Whether as dog lovers we like it or not, dogs are a hazard – and they are especially so for children. They have teeth, claws, a mind of their own, and even the most friendly and playful, especially if not trained, can knock a child over or just get over-excited. So how can parents teach their children how to be safe around dogs – and what do children need to know to have the perfect relationship with the dogs that share their lives, and to grow up to be the dog owners of the future?
First of all, split dog encounters into three categories:
- strange dogs you meet while out and about
- resident dog/s
- dogs of friends and family
These need to be looked at totally differently when it comes to interactions and staying safe.
Children should be taught to treat strange dogs exactly the same way they would a strange person. Totally ignore them. No matter how cute, how appealing, or how friendly they look – and even if the owner says it is OK for you and your child to talk to them. Neither you, your child – or very probably the dog’s owner – will know for sure that their dog is happy around unknown children or is happy in that moment. ‘Stranger danger’ is about all strangers – no matter what the species!

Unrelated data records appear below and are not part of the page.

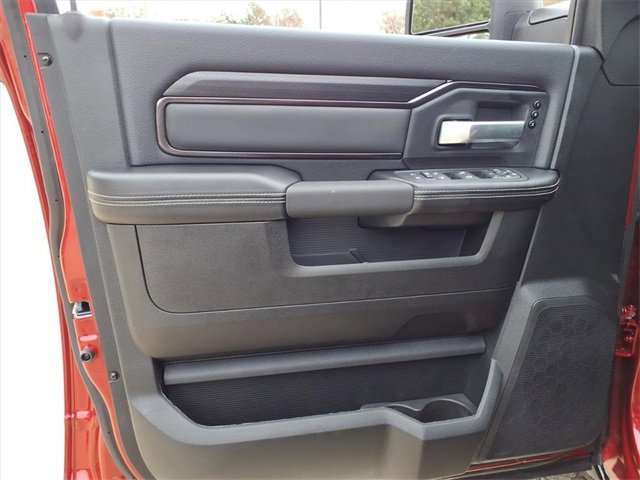 New 2026 RAM 2500 Rebel image 21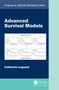 Advanced Survival Models by Catherine Legrand, 9780367715366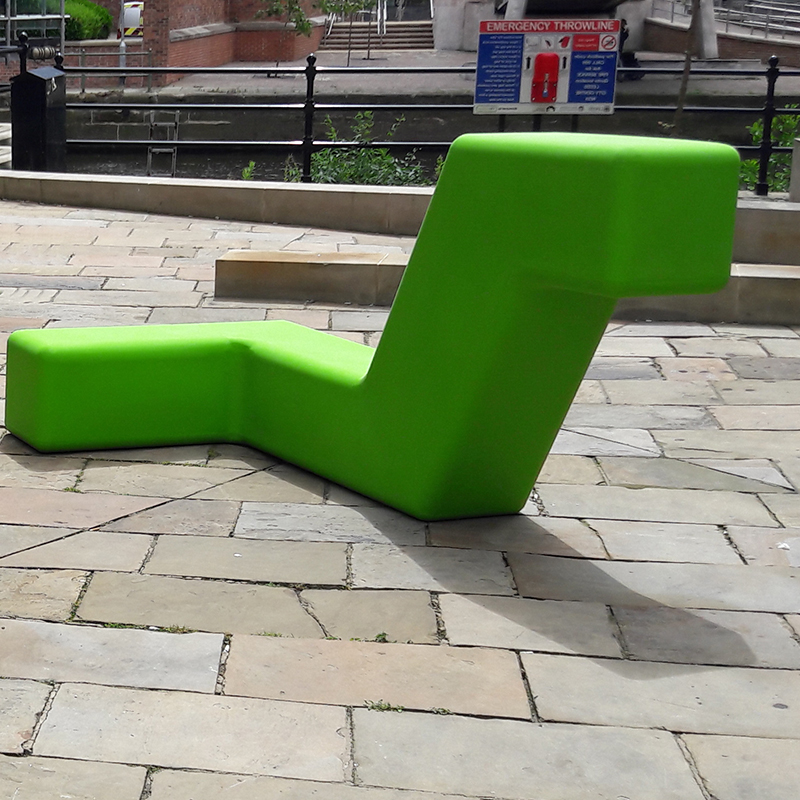 Leeds Waterfront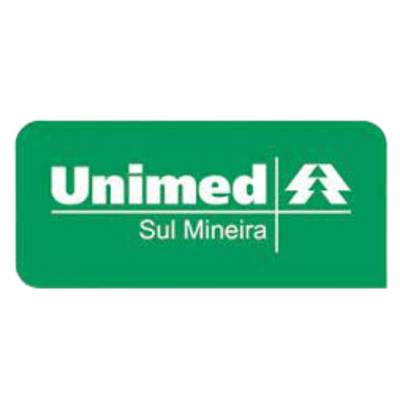 logo Unimed Sul Mineira
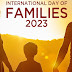 International Day of Families 2023 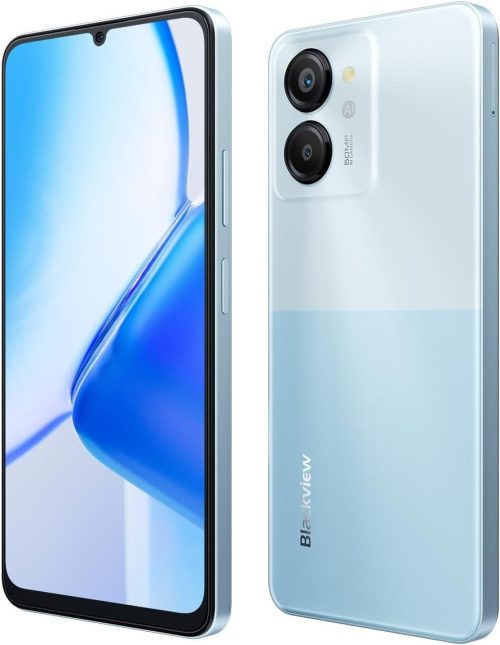 Blackview COLOR 8 スマートフォン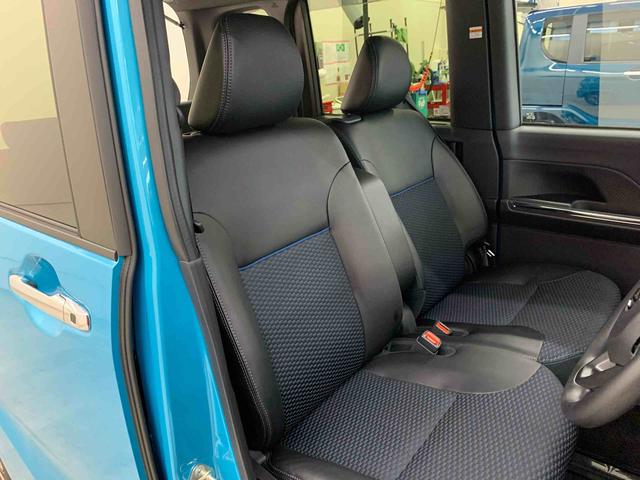 タントカスタムＸ　ｅｃｏＩＤＬＥ非装着車　２ＷＤ両側電動スライドドア・ＬＥＤヘッドライト・オートライト・オートマチックハイビーム・プッシュボタンスタート・オートエアコン・シートヒーター・バックカメラ・電動パーキングブレーキ・スマートアシスト（群馬県）の中古車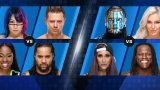WWE Mixed Match Challenge Season 2 Episode 12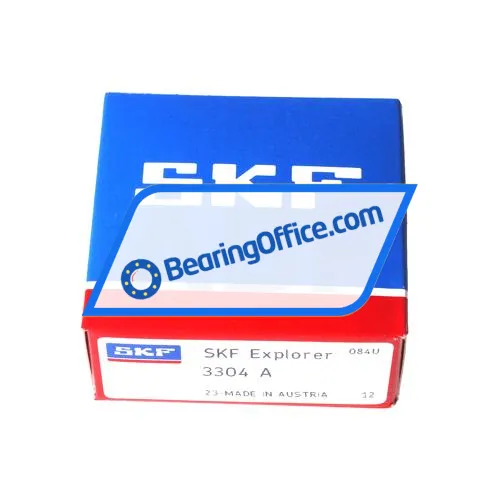 SKF 3304A bearing image 3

If an off-lead dog comes up to you while you are out with your child, again… totally ignore it. In most cases, if you aren’t interesting, the dog will wander off and find something more fun to do. If the dog seems over-excited, bouncy or you have any concerns about their behaviour, don’t panic and tell your child to ‘be a statue’! In other words, stand perfectly still, cross their arms across their chest and stay quiet. Children running or shouting, or waving their arms about, will make the situation worse and it can make a friendly, playful dog overexcited, or it can scare a dog who is unused to children. If they (or you) are knocked over by the dog, they should ‘be a stone’. Curl up with arms and legs tucked in underneath them and their head down.
There are plenty of dogs you and your children can interact and have fun with – your own or known dogs belonging to friends or family – but avoid strangers!
The Family Dog
While it might be a fear of many parents, the majority of injuries to children from dogs don’t come from unknown dogs that you might meet when you are out and about. They come from the family’s own dog. There are lots of reasons for this – but the main one is simply that this is the dog that a child will spend the most time with – and it is the one that parents are often the least vigilant around.